Why aren’t interactive-Novels big businesses already?

I count myself lucky to be of an age where I got to see the birth of computing. I got my first home computer, a VIC-20, for Christmas when I was 13, and have never really put computers down since. Without that present I may not even have had the career I’ve had, and what was the first thing to get me hooked? Well to look intellectual I could say programming; but not many 13 year olds are too worried about looking intellectual, and to be honest I would have to say games; but for me one software genre stood head-and-shoulders above the rest, and that was Adventure games. Suddenly, by single-finger-poking at the keyboard I had books that talked back… well almost.

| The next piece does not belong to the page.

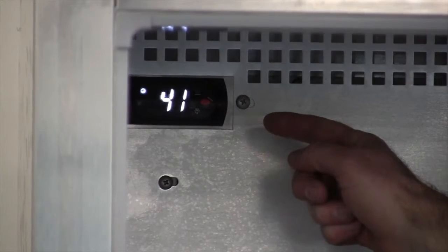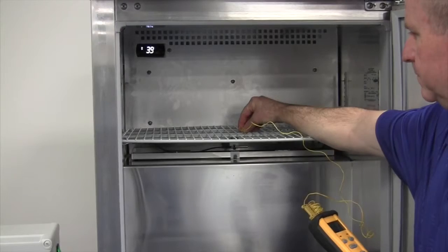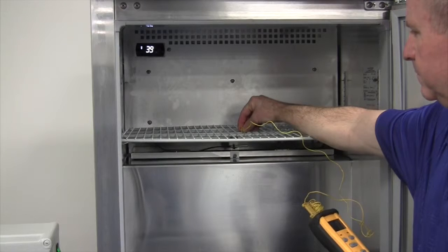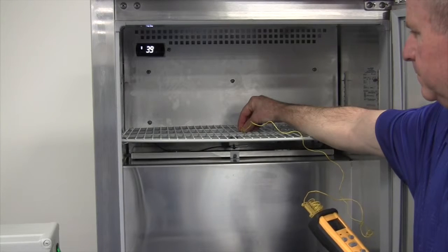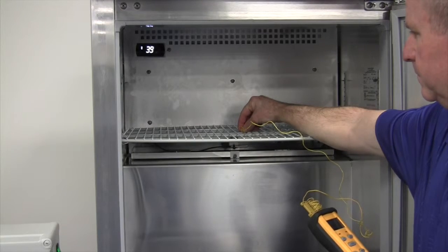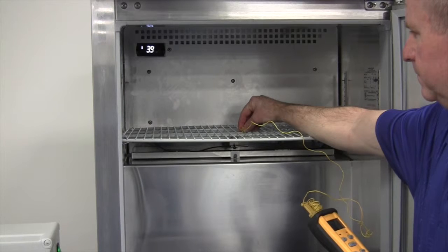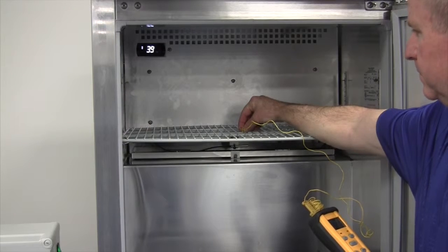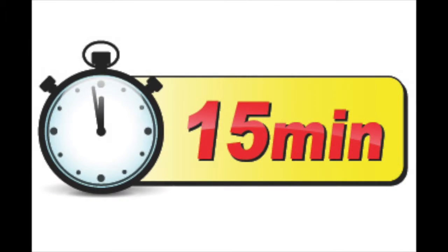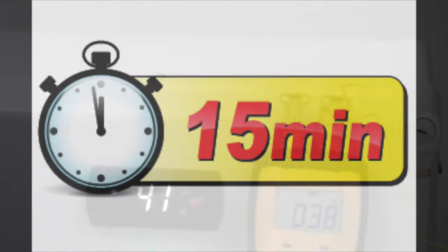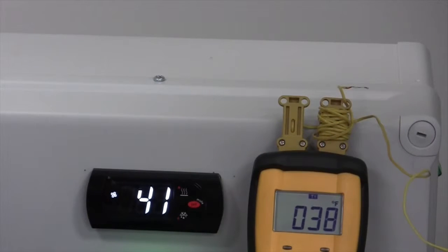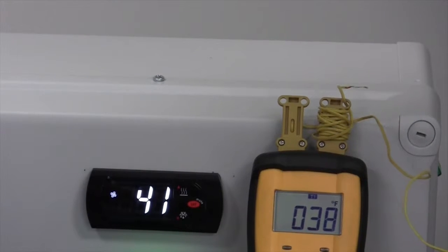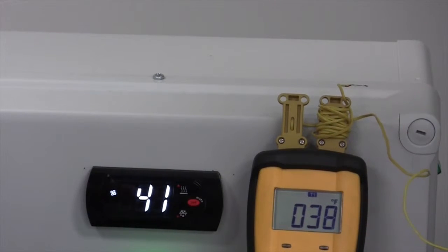Before attempting to calibrate the temperature display, check the display by placing a pre-calibrated temperature sensing device in the center of the refrigerated compartment and keep the doors closed for 15 minutes. The temperature should read the same as the sensing device, within 2 degrees.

For a good few years my new hero was Scott Adams, and I spent many hours wandering through Adventureland, trying to find treasure in the Pirate's Cove, or attempting to kill The Count, but the technology of the time was limited, especially in terms of memory and this meant the story had to be told in the smallest amount of characters possible. Descriptions were sparse and responses short and to the point. Non of this diminished the fantastical worlds that these programs built up in my head, even today’s photo-realistic graphics cant hold a candle to those imaginary worlds summoned up by a handful of text.

So why did text adventure games disappear? Well, they didn’t really. They went to the deed-poll office and changed their name to Interactive Fiction, and to be fair some of this is really well written and rather good. Long gone are the days where text is restricted by memory size, now everybody’s phone has more memory than anyone dreamt possible back then. Location descriptions can flow on as long as they like, character responses can say as much, or little, as they need to, and the atmosphere, characters and plot can be built up just as good as any traditional book can, given an author with the appropriate skill.

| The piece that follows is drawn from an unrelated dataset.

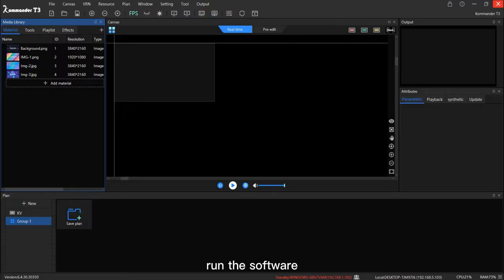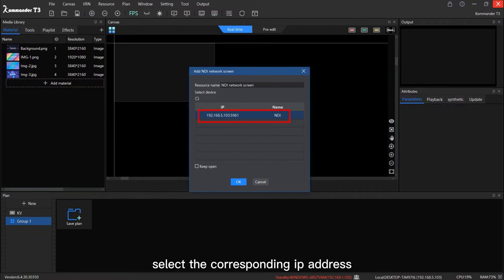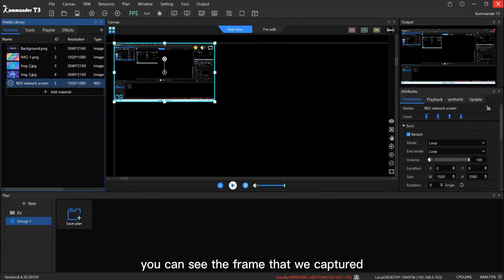Add the NDI network screen in the media library and select the corresponding IP address. Drag the NDI screen to the canvas. You can see the frame that we captured.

And so to my original point: why aren’t digital-based Interactive-Novels big businesses already?
I see this as a logical extension of the text-adventure, the technology is here, the talent is there, and the technical groundwork is already well-and-truly done.
There is a relatively large and thriving underground Interactive-Fiction scene nowadays, a ready-made market waiting to happen, but absolutely no mainstream interest. So why is this?
Is it just that quality writers don’t consider this a proper use of there talent?
Is it just that nobody is willing to take a chance on this market? Games publishers are now polarising around the big-money first-person shooter genre, and book publishers may see this as well outside their market area, but in a world of e-everything how much longer will this be the case? E-readers are now becoming fairly common, and look like they are set to grow their market share. Maybe the next generation of e-readers can go interactive?
Then again, maybe it’s just that most ‘serious’ readers view an interactive book as in some way childish, or solely in the realms of games, and not for them. If this is currently the case, how long will that attitude last? Remember, we are coming up for three generations of adults that have grown up with computer games, the world and peoples attitudes move on.

So what do you think, why isn’t it already big, and what’s stopping it?

As I finish this post, the radio is singing ‘that’s entertainment’ at me, I couldn’t agree more!